Jeder ist sich selbst Zentrum aller Wichtigkeit. Dieses Gefühl der Urbedeutung wird dabei über den Leib hervorgebracht. Der Leib wiederum ist selbst ausgedehnt, merkwürdigerweise darin aber in jedem Punkt Mitte, aber nirgends Peripherie.

Links von mir steht eine Lampe, rechts neben mir ein Klavier. Ich selbst bin mir auch lokalisierbar: ich spüre meine linke Hand links von meiner rechten Hand. Überkreuze ich die Hände, habe ich das sichere Wissen, dass sie rechts von meiner rechten Hand ist, selbst wenn ich dabei die Augen schließe.

Habe ich einen Schmerz in der linken Daumenkuppe, nicht aber im Daumenstumpf, so ist mir klar, wo der Schmerz ist. Er ist eindeutig in meinem Leibgefühl lokalisiert, in dem es nicht nur „links“, „oben“ und „unten“ gibt, sondern auch Mittelpunkt und Peripherie. Der Schmerz in der Daumenspitze ist sich eine Mitte, zu der es Peripherien gibt, also das sonstige Leibgefühl. Jedes lokalisierte Leibempfinden verhält sich so, besitzt also selbst eine Mitte, ist aber zugleich relativ zu anderen Leibempfindungen Peripherie.

Der Leib ist ausgedehnt: Extension. Ist er ausgedehnt, so hat er eine Mitte. Links von der Mitte ist etwas, rechts, darunter, darüber. Links von der Mitte ist weitere Peripherie, vom Zentrum aus gesehen. Aber diese Peripherien sind nur scheinbar gegeben, geht es um die Phänomenalität des Leibes. Ich spüre mich als leibhaft in jedem „Punkt“ meiner Extension als Mitte.

Ich bin mir leibhaft in der Daumenspitze genauso Mitte wie in allen anderen Leibempfindungen. Anders ausgedrückt ist das unmittelbare Spüren des eigenen Leibes in jedem Punkt seiner Ausdehnung Zentrum, doch nirgends randständig. Das Leibempfinden ist deskriptiv bestimmt nirgendwo mittelpunktsfern.

Das Leibspüren ist somit eine totale Identität, total darin, trotz gespürter Ausdehnung überall zugleich Mittelpunkt zu sein. Dieses ungetrübte Urempfinden der eigenen leiblichen Existenz ist notwendig dafür, sich selbst und die Welt überhaupt als wichtig empfinden zu können. Ist man sich selbst gegliedert und abgestuft wichtig, kann man sich aufgrund mangelnder Einheit nicht auf die Wichtigkeiten im Horizont der Welt beziehen, die ihre Bedeutsamkeit von der Identität des Leibes bezieht. Die „Ur“wichtigkeit selbst darf nicht ein „Links“ und „Rechts“ haben.

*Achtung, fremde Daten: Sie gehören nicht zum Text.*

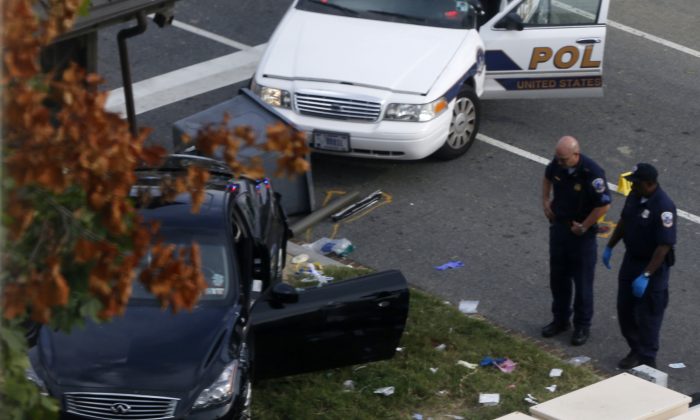 The black car driven by the suspect--identified as Miriam Carey--in the Washington D.C. car chase on Thursday, with Capitol Hill police officers nearby. Carey has been identified by law enforcement sources as the woman who was driving the car and was fatally shot by police. (AP Photo/Charles Dharapak)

Der Gedanke des Allmittelpunktes stammt aus der mathematischen Mystik. Nikolaus von Kues und Giordano Bruno haben ihn nach vielen Seiten hin gedacht, sind aber ihrerseits schon Erben der Ideengeschichte aus antiken Quellen. Der Phänomenologe Dietrich Mahnke hat die Entwicklungsgeschichte des Zentrums ohne Peripherie in „Unendliche Sphäre und Allmittelpunkt“ nachgezeichnet. Cusanus und Brunos Spekulationen werden dann evident, wendet man sie auf das eigene Leibempfinden an. Denn in ihm ist tatsächlich nirgends Peripherie, schafft man es, empirische Schemata der Körperempfindung auszuschalten.